*Problem description*
Reproduce the listing below verbatim.

== Recorded data ==

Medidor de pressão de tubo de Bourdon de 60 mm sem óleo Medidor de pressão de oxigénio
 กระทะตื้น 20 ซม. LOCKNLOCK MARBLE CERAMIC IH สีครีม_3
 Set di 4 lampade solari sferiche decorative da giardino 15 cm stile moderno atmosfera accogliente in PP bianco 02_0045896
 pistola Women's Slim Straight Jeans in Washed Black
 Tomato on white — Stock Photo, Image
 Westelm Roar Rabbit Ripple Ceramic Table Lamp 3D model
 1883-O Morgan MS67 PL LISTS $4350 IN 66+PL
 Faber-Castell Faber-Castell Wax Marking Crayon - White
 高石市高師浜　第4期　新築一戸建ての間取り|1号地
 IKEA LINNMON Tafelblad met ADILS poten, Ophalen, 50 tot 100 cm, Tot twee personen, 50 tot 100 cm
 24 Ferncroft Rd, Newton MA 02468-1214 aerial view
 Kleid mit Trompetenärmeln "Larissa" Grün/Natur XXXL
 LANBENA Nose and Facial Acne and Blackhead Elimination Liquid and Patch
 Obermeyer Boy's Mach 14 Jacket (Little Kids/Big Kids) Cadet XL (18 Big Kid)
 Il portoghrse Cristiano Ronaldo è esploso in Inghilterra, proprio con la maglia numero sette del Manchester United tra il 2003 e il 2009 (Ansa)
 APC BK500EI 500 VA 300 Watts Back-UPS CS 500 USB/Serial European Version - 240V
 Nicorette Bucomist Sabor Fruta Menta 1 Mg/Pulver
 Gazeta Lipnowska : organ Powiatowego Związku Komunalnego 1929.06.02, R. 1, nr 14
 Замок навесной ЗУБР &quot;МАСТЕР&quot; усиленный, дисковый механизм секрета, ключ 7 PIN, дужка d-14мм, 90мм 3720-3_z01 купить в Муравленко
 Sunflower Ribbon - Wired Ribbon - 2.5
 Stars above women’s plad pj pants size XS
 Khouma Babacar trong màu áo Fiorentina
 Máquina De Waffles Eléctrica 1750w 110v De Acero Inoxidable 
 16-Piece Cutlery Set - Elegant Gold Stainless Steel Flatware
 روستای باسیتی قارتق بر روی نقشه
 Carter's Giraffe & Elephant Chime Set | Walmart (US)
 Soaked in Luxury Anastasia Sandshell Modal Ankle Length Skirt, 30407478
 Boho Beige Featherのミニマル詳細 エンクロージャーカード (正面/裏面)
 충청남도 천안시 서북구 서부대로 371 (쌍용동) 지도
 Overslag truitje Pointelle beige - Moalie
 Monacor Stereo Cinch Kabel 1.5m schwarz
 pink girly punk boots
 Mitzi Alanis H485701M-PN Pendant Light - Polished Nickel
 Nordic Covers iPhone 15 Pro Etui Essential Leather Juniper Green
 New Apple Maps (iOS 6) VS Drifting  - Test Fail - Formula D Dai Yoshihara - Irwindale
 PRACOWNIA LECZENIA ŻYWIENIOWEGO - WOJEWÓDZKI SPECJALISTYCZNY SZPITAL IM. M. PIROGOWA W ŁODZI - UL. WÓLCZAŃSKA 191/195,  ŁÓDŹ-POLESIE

===

*Task output*
Medidor de pressão de tubo de Bourdon de 60 mm sem óleo Medidor de pressão de oxigénio
 กระทะตื้น 20 ซม. LOCKNLOCK MARBLE CERAMIC IH สีครีม_3
 Set di 4 lampade solari sferiche decorative da giardino 15 cm stile moderno atmosfera accogliente in PP bianco 02_0045896
 pistola Women's Slim Straight Jeans in Washed Black
 Tomato on white — Stock Photo, Image
 Westelm Roar Rabbit Ripple Ceramic Table Lamp 3D model
 1883-O Morgan MS67 PL LISTS $4350 IN 66+PL
 Faber-Castell Faber-Castell Wax Marking Crayon - White
 高石市高師浜　第4期　新築一戸建ての間取り|1号地
 IKEA LINNMON Tafelblad met ADILS poten, Ophalen, 50 tot 100 cm, Tot twee personen, 50 tot 100 cm
 24 Ferncroft Rd, Newton MA 02468-1214 aerial view
 Kleid mit Trompetenärmeln "Larissa" Grün/Natur XXXL
 LANBENA Nose and Facial Acne and Blackhead Elimination Liquid and Patch
 Obermeyer Boy's Mach 14 Jacket (Little Kids/Big Kids) Cadet XL (18 Big Kid)
 Il portoghrse Cristiano Ronaldo è esploso in Inghilterra, proprio con la maglia numero sette del Manchester United tra il 2003 e il 2009 (Ansa)
 APC BK500EI 500 VA 300 Watts Back-UPS CS 500 USB/Serial European Version - 240V
 Nicorette Bucomist Sabor Fruta Menta 1 Mg/Pulver
 Gazeta Lipnowska : organ Powiatowego Związku Komunalnego 1929.06.02, R. 1, nr 14
 Замок навесной ЗУБР &quot;МАСТЕР&quot; усиленный, дисковый механизм секрета, ключ 7 PIN, дужка d-14мм, 90мм 3720-3_z01 купить в Муравленко
 Sunflower Ribbon - Wired Ribbon - 2.5
 Stars above women’s plad pj pants size XS
 Khouma Babacar trong màu áo Fiorentina
 Máquina De Waffles Eléctrica 1750w 110v De Acero Inoxidable 
 16-Piece Cutlery Set - Elegant Gold Stainless Steel Flatware
 روستای باسیتی قارتق بر روی نقشه
 Carter's Giraffe & Elephant Chime Set | Walmart (US)
 Soaked in Luxury Anastasia Sandshell Modal Ankle Length Skirt, 30407478
 Boho Beige Featherのミニマル詳細 エンクロージャーカード (正面/裏面)
 충청남도 천안시 서북구 서부대로 371 (쌍용동) 지도
 Overslag truitje Pointelle beige - Moalie
 Monacor Stereo Cinch Kabel 1.5m schwarz
 pink girly punk boots
 Mitzi Alanis H485701M-PN Pendant Light - Polished Nickel
 Nordic Covers iPhone 15 Pro Etui Essential Leather Juniper Green
 New Apple Maps (iOS 6) VS Drifting  - Test Fail - Formula D Dai Yoshihara - Irwindale
 PRACOWNIA LECZENIA ŻYWIENIOWEGO - WOJEWÓDZKI SPECJALISTYCZNY SZPITAL IM. M. PIROGOWA W ŁODZI - UL. WÓLCZAŃSKA 191/195,  ŁÓDŹ-POLESIE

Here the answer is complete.